= Beginning of Section =

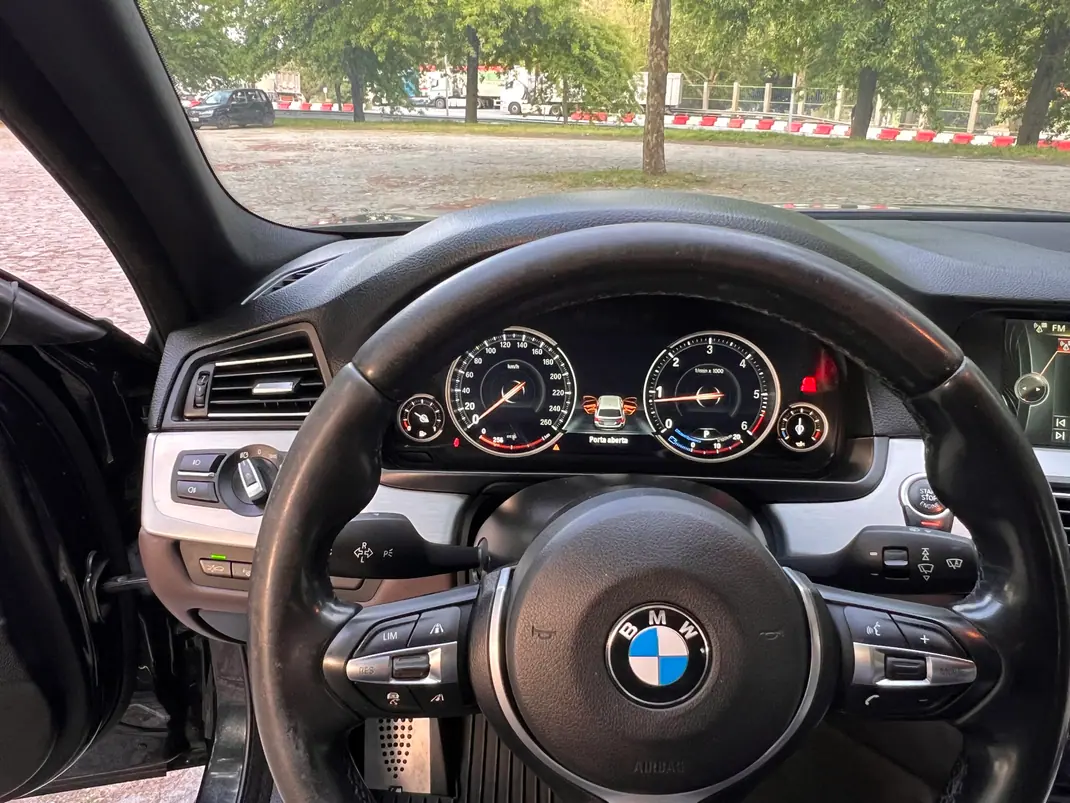 BMW 520 2012 - 16500 EUR, 284000 km - AUTO.MOTO.pt - 284000km - foto 8 de 15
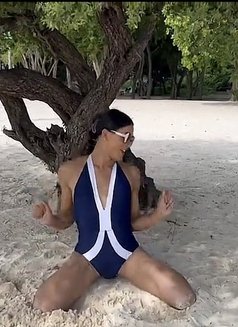 Ava - masseuse in Doha Photo 9 of 10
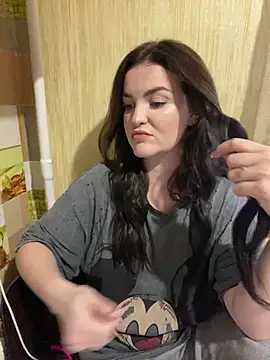 Karolina llove online show from December 2024 01:29:02 PM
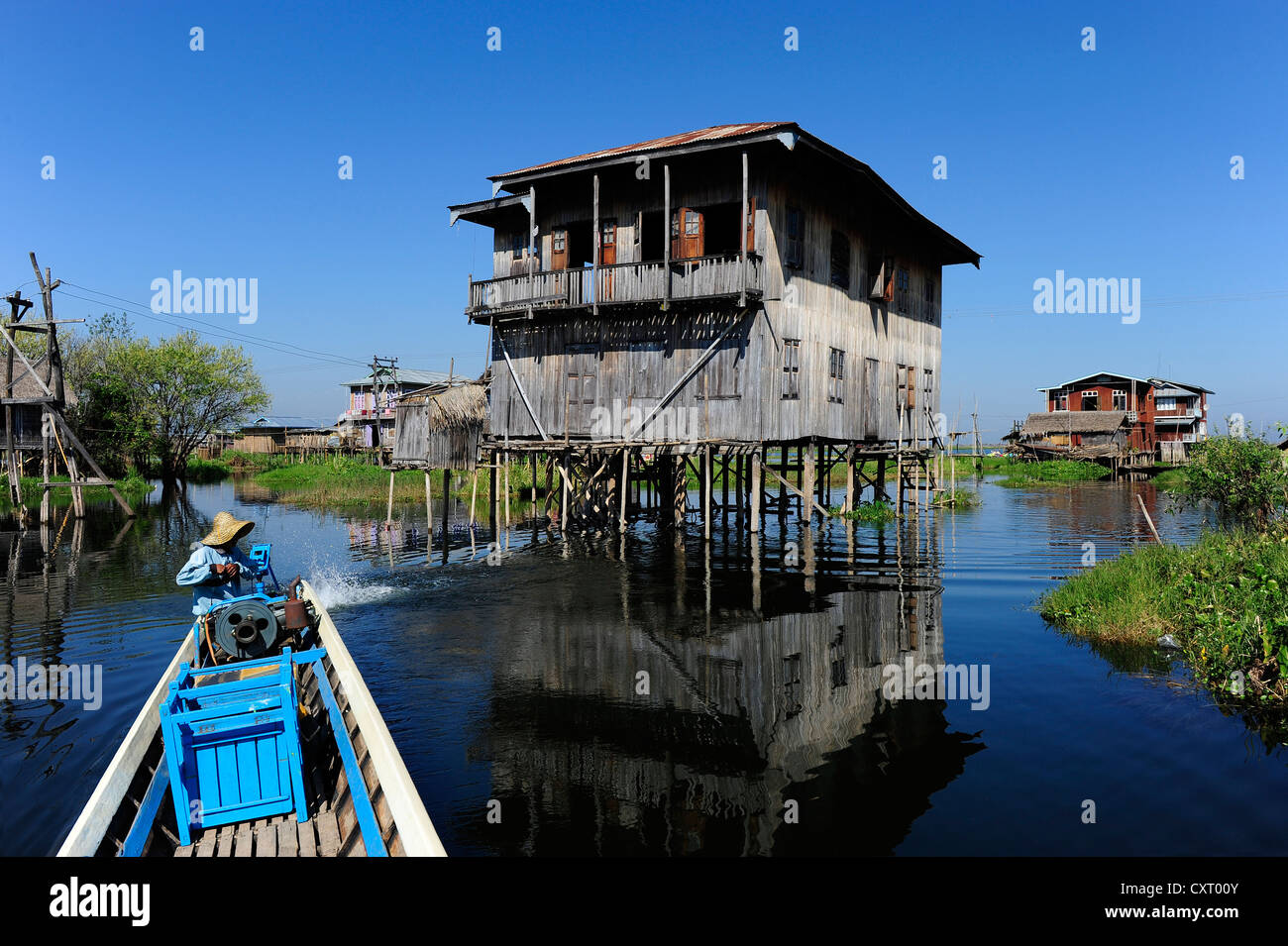 Village flottant sur le lac Inle comme vu à partir d'un bateau, également connu sous le nom de Birmanie Myanmar, en Asie du Sud-Est, l'Asie Banque D'Images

= End of Section =

TRY IT: Starting with the line that contains "Karolina llove online", copy every line word for word through the end of the listing above, but leave out the pictures.

SOLUTION TO THIS TASK:
 Karolina llove online show from December 2024 01:29:02 PM
 Village flottant sur le lac Inle comme vu à partir d'un bateau, également connu sous le nom de Birmanie Myanmar, en Asie du Sud-Est, l'Asie Banque D'Images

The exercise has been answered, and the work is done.